## WORK REQUEST
The exercise calls for exact output of the lines between the one that contains "Number one: pour" and the end of the data, with both ends kept and pictures left out.

[Saved data entries]
·····

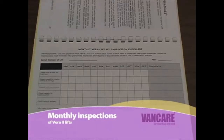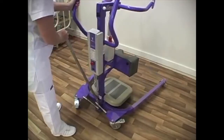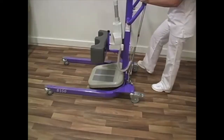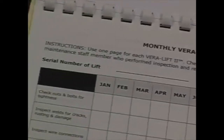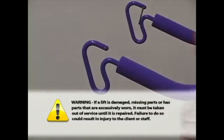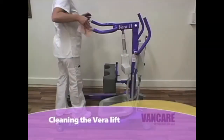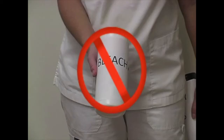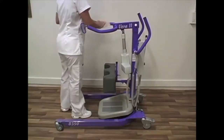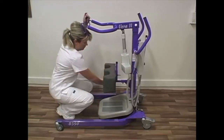Monthly inspections of Vera 2 lift: Qualified maintenance staff are required to inspect all VanCare lifts at least monthly for missing parts and excessive wear that might cause the lift to fail. A permanent record of each of these inspections and repairs should be kept by the facility. See the monthly Vera 2 inspection checklist at the back of the Vera 2 operations manual or contact your distributor for a copy. Warning: If a lift is damaged, missing parts, or has parts that are excessively worn, it must be taken out of service until it is repaired. Failure to do so could result in injury to the client or staff. Cleaning the Vera Lift 2: When soiled, it may be wiped clean with a damp sanitary wipe. Do not use bleach. The Vera Lift 2 should never be cleaned in a shower as water can damage the electronics. Damage caused by failure to follow this cleaning procedure is not covered under the warranty.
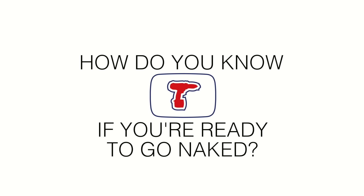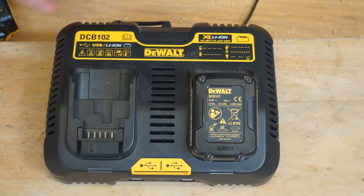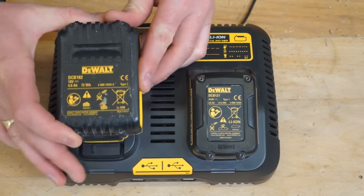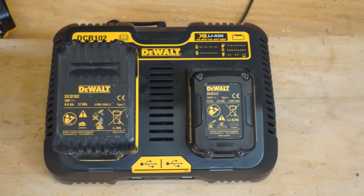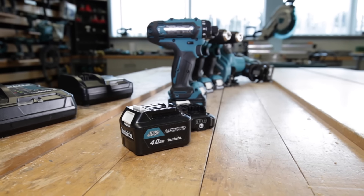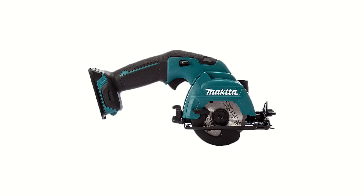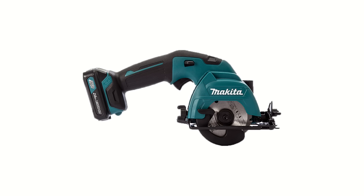How do you know if you're ready to go naked with your cordless power tools? An easy way to find out is to ask yourself: do I have more lithium-ion battery packs than tools? If so, you can save cash on your next cordless tool by buying a body-only version that's compatible with those spare batteries.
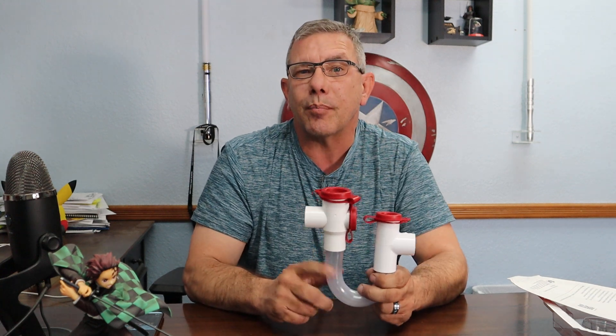Guys, I'm Brandon James Kirk with Planet Duct Air Duct Cleaning. I hope this has been helpful. Get the Easy Trap, guys. Take it easy.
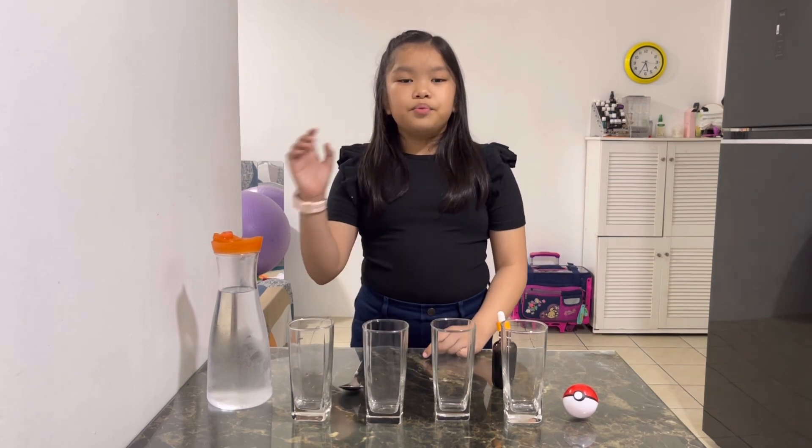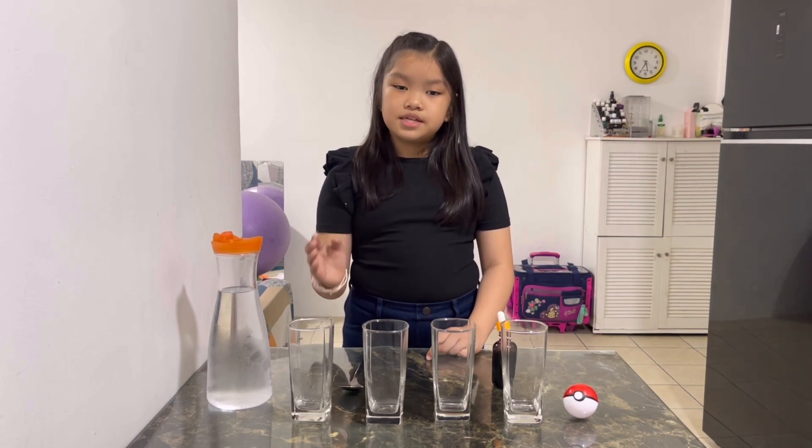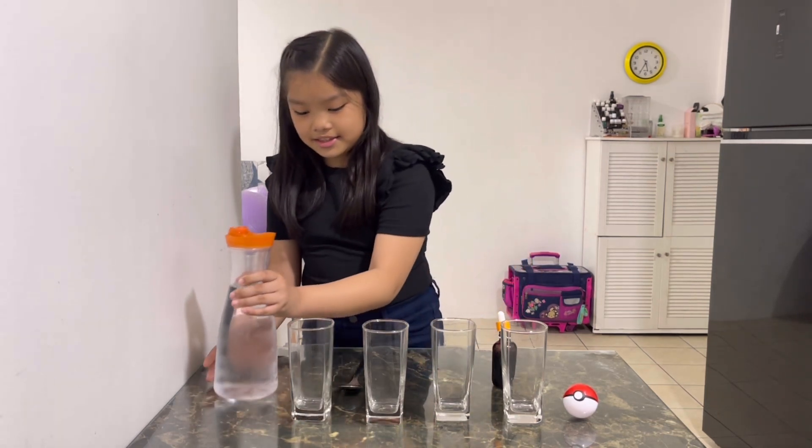Number one: pour water into each glass. Make sure that the water level is different in each glass, like this.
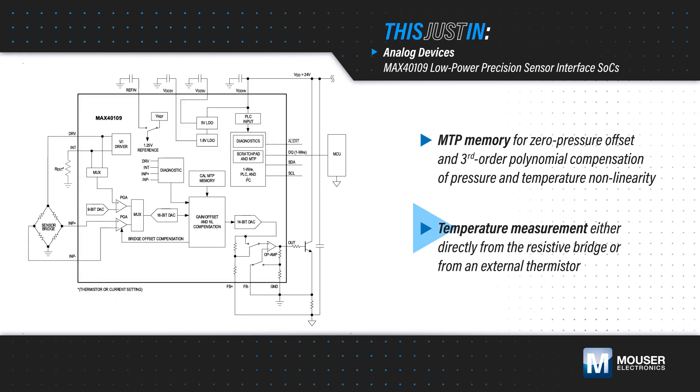The sensor is able to measure temperature directly from the bridge or an external thermistor, and is specified from negative 40 to positive 125 degrees Celsius.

·····

## TASK RESPONSE
Number one: pour water into each glass. Make sure that the water level is different in each glass, like this.
The sensor is able to measure temperature directly from the bridge or an external thermistor, and is specified from negative 40 to positive 125 degrees Celsius.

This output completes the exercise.